The most interesting thing about the Reverend William Weightman, beloved of all biographers because by tradition he sent the parsonage into a flutter, flirting with the girls, their friends and all the young ladies in the neighbourhood, besides being of a most amiable and kind-hearted disposition, is the fact that during his first few months as curate he was called—behind his back, very naturally—‘Miss Celia Amelia’. Even in her letters to Ellen Nussey, that most eager—though hardly perceptive—of friends, Charlotte alluded to the curate as ‘she’ and ‘her’.

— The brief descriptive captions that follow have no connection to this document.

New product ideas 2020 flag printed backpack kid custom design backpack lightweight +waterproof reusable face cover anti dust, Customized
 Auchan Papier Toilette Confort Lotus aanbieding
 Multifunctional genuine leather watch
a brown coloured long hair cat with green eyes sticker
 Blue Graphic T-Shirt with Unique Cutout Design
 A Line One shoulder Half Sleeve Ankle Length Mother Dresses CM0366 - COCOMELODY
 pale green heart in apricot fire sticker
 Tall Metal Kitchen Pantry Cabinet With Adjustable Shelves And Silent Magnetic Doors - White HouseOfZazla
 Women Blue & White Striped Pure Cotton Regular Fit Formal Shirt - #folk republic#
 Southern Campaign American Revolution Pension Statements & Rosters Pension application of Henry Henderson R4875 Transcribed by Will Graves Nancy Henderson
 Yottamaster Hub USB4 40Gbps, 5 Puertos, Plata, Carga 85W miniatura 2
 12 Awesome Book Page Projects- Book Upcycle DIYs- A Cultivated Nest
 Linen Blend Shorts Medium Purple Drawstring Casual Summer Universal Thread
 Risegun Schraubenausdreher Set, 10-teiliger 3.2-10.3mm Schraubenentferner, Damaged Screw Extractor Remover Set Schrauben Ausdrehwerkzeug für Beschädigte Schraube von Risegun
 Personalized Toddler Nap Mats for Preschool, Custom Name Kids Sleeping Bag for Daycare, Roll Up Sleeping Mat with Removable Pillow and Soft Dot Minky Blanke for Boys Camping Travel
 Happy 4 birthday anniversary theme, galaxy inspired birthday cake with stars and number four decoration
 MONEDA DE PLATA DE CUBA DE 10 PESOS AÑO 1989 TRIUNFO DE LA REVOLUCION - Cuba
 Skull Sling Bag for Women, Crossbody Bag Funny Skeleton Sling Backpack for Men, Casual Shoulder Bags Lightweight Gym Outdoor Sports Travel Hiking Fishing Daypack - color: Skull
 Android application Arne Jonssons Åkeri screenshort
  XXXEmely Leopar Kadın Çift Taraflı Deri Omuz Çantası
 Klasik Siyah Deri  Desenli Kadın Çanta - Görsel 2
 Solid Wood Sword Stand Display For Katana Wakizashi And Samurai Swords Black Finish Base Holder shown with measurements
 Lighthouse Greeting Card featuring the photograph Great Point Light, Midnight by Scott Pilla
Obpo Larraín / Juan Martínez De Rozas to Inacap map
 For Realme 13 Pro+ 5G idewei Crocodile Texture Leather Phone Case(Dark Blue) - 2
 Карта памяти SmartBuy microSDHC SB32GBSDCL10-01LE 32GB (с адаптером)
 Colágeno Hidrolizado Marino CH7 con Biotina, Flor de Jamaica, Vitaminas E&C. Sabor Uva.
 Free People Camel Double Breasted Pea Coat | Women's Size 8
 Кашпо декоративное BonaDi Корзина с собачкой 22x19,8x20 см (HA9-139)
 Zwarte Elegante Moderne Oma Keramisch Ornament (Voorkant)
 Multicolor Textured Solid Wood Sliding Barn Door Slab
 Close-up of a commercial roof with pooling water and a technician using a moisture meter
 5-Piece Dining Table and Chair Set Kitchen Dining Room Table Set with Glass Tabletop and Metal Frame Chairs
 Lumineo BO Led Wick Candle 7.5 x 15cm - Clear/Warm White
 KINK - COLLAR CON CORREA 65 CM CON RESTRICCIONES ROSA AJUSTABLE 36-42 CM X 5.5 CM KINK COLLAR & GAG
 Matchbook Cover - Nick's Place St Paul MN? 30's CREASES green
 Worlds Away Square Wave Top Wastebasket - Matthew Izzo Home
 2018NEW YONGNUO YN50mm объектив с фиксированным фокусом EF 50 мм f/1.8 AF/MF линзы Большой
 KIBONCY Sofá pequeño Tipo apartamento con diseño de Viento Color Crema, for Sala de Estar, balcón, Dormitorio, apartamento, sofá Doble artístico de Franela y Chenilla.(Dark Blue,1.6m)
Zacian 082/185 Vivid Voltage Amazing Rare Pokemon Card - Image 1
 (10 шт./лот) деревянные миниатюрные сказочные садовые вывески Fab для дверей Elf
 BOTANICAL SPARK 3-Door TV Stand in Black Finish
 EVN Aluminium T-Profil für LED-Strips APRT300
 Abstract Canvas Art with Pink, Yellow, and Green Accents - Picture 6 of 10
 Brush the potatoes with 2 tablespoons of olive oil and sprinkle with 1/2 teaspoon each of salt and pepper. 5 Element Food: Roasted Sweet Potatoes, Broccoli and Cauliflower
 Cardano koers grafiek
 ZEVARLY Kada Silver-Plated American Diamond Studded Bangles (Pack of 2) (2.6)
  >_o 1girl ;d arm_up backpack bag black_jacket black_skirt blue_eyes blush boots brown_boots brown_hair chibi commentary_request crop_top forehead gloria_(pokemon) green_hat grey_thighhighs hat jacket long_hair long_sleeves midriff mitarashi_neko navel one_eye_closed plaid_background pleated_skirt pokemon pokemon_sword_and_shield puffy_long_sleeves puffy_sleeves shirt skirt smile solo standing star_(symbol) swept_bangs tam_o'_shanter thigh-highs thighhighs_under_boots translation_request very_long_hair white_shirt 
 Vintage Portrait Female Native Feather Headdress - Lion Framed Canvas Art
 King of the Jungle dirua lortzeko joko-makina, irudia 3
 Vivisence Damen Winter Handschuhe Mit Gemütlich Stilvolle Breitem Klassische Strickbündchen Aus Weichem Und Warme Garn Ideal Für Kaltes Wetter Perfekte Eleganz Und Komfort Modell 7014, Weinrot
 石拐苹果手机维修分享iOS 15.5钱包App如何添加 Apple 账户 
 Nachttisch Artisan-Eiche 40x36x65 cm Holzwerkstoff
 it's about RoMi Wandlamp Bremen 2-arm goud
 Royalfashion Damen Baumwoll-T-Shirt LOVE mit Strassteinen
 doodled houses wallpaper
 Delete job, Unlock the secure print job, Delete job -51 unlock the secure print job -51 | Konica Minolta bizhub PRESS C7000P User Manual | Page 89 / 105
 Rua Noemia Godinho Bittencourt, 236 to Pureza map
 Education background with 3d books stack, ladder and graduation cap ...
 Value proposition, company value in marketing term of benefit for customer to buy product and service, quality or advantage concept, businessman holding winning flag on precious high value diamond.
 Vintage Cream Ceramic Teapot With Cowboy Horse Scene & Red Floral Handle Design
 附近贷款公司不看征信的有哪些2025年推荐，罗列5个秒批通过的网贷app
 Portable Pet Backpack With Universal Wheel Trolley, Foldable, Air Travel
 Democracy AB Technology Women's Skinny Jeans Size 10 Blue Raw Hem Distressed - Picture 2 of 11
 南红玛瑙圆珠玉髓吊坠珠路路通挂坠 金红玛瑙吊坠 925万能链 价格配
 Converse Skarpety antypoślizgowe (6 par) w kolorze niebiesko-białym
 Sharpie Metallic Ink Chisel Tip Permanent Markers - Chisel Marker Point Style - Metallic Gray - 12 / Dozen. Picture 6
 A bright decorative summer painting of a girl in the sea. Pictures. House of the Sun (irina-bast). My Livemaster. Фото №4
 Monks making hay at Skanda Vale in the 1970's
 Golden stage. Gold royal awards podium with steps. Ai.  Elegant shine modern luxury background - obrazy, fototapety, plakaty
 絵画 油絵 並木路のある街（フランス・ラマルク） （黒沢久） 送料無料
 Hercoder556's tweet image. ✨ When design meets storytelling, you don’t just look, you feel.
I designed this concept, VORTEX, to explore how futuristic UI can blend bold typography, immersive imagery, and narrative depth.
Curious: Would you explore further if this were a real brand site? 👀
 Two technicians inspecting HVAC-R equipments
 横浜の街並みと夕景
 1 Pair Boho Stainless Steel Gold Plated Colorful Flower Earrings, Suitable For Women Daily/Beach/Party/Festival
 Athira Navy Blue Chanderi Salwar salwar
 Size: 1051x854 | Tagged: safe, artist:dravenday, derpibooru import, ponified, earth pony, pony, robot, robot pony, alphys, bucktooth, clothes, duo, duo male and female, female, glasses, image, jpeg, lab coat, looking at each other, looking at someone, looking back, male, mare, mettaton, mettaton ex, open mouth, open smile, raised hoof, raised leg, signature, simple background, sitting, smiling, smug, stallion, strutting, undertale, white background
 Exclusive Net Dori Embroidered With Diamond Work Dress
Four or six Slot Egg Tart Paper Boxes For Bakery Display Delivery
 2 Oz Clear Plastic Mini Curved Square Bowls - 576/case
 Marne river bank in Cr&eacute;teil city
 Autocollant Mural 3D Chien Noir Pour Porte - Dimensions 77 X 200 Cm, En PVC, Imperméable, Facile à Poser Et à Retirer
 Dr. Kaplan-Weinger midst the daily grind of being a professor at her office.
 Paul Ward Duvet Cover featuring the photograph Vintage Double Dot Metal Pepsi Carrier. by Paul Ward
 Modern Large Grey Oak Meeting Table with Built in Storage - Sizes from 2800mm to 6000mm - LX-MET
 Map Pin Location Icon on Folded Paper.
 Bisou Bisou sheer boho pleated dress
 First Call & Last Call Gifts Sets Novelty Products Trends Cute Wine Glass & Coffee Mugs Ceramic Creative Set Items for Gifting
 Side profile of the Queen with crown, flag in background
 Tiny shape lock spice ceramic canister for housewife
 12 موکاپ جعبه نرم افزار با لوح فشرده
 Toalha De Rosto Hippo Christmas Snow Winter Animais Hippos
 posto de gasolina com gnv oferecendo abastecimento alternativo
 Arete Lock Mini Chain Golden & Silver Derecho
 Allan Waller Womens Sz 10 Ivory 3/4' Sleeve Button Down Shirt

Branwell returned from Broughton-in-Furness to find this delightful newcomer persona grata in his father’s home, exchanging valentines and drawings with his sisters, and sitting for his portrait to Charlotte dressed in his ’varsity gown, taking care to point out the exquisite silk material from which it was made. Who can wonder that the ex-tutor, straight from the proximity of the surgeon’s daughter, should write:

When you, Amelia, feel like me

The dullness of satiety,

You will not smile as now you smile,

With lips that even me beguile…

At last somebody had turned up in Haworth who would make the dining-room at the parsonage a counter-attraction to the ‘snug’ at the Black Bull. Unfortunately, the prospective curate William Weightman flitted to Ripon at mid-summer to prepare for his ordination, and from there to Appleby and Crackenthorp, and was away at least six weeks. Once more Branwell found himself at a loose end. The Book of Odes was finished, but nobody cared to publish it. The paintings remained unsold in the studio back-bedroom. Tutoring had proved an error, teaching was not his forte. His exchequer was low, though, and he must somehow earn his living. What better way than to enter the service of the Leeds and Manchester railway? Work on it was progressing fast: soon the link-up would be completed, and the eastward-bound train from Manchester would come thundering past Todmorden through the Calder valley. There was more life down the line than there was at home, and before long Sowerby Bridge would be a busy junction, with trains running east and west. There would be work in plenty for ambitious, enterprising young men of character who believed in progress and the dawn of a new mechanical age.

Whether Branwell himself found a situation; whether strings were somehow pulled by a Mr Fletcher, whose portrait he had painted, and who had influence with the waterways in the Calder valley; or whether his friend William Dearden, who lived at Brockwell, Sowerby Bridge, was able to put in a word for him, a post on the Leeds and Manchester railway was in fact found. At the end of September, 1840, Branwell became a booking-clerk at Sowerby Bridge station.